3 Examples of algebraic thinking
This is an episode of Thoughts on Functional Programming, a podcast by Eric Normand.
In a recent episode, I said algebraic thinking was the third level of functional thinking. In this episode, I give some concrete examples.
Eric Normand: Can you give me some examples of algebraic thinking, that third level of functional thinking that you're talking about? I sure can. My name is Eric Normand and I help people thrive with functional programming. I got a question about an episode I did a week or two ago, about the three levels of functional thinking.
The three levels were, the first level is thinking in terms of actions, calculations, and data. Just dealing with the fact that you got a mutable data. You want to separate your actions from your calculations, those kinds of things.

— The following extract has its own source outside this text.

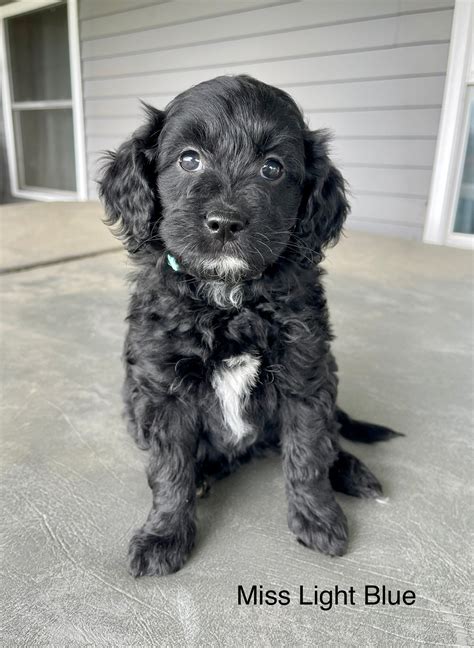 Black Goldendoodle Puppy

Second level is start thinking in terms of data transformations and the pipelines. You're using map fill to reduce those things to get the data that you have to look like the data that you need in a very high-level, higher or function way.

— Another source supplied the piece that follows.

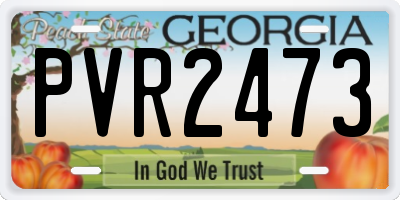 GA license plate PVR2473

Three, the third level was what I was calling algebraic thinking. You're creating an algebra to model your domain. I got a question about this in a YouTube comment. It was from P1MPS01. Not to be confused with P1MP02. P1MPS01 asks if I can give some examples so that it's clear what I mean by this algebraic thinking.
I came up with three tiny little examples that I can talk about. That's what we're going to do in this episode. The first example. Imagine you're writing a video editor. I don't know if you've ever edited video, but if you have a GUI editor you can put clips in and overlay the clips and make transitions between things and cut stuff out. You can do all sorts stuff.

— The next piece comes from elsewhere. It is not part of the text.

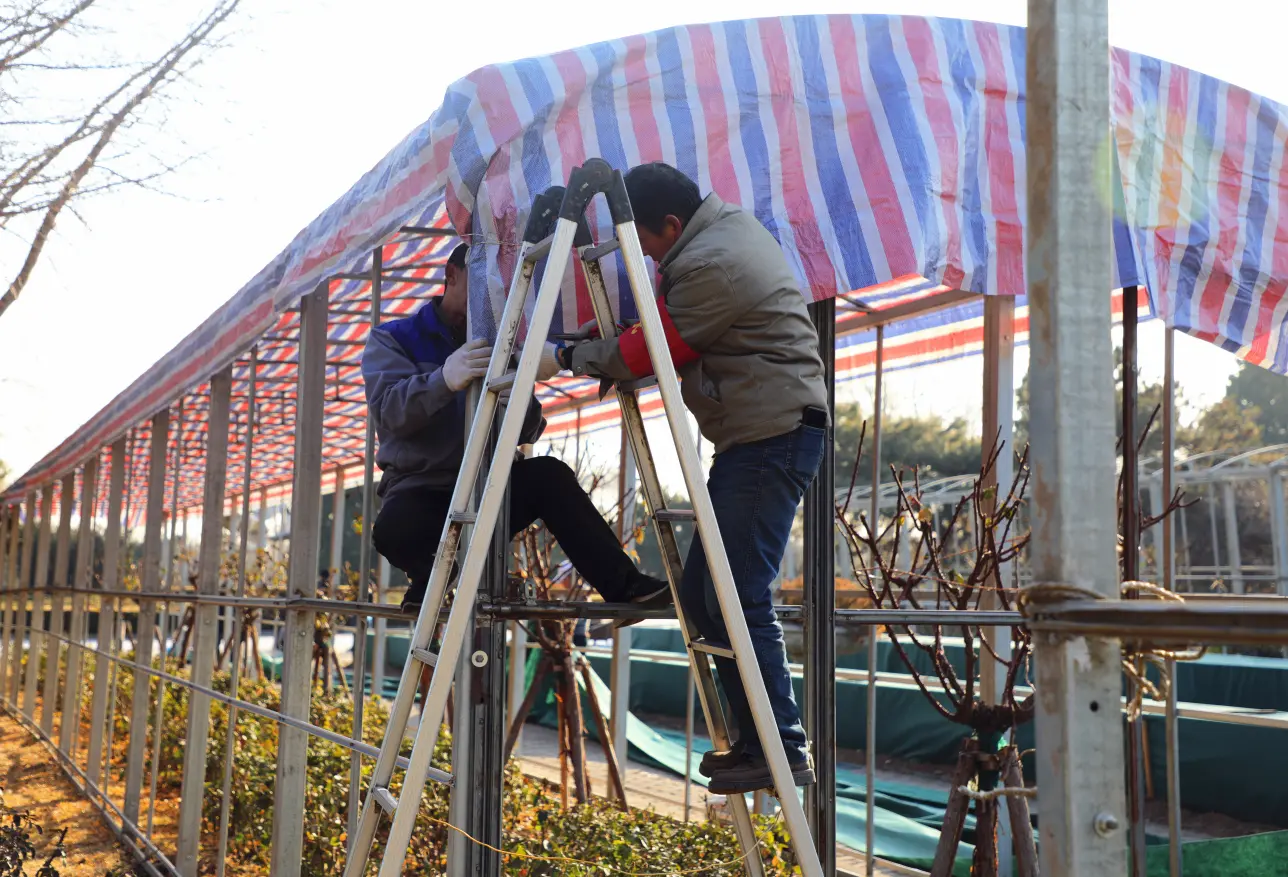 北京植物园10万株植物“穿冬衣”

Now, I want you to think for a moment how you might implement this. While I'm describing this algebra, you might see how this...There's the technical details of how to actually put the video together, how to render that final video so that you can put it YouTube or whatever you do with your final video.
What the algebraic thinking is about, is about how do you represent that video before you've rendered it? You're representing it in memory in a way that you can manipulate and will also feed into whatever rendering engine you've got.
This is how I would begin to describe an algebra of video editing. We have the notion of a clip. This is a video clip. Now, at heart and the essence of the video clip it's basically just a function. A function from time to image. You give it a time and it gives you an image.
This will allow you to sample the video. This is more implementation details, but it will allow you to sample the video at whatever frame rate you need and get a frame out at whatever time you need for that frame rate.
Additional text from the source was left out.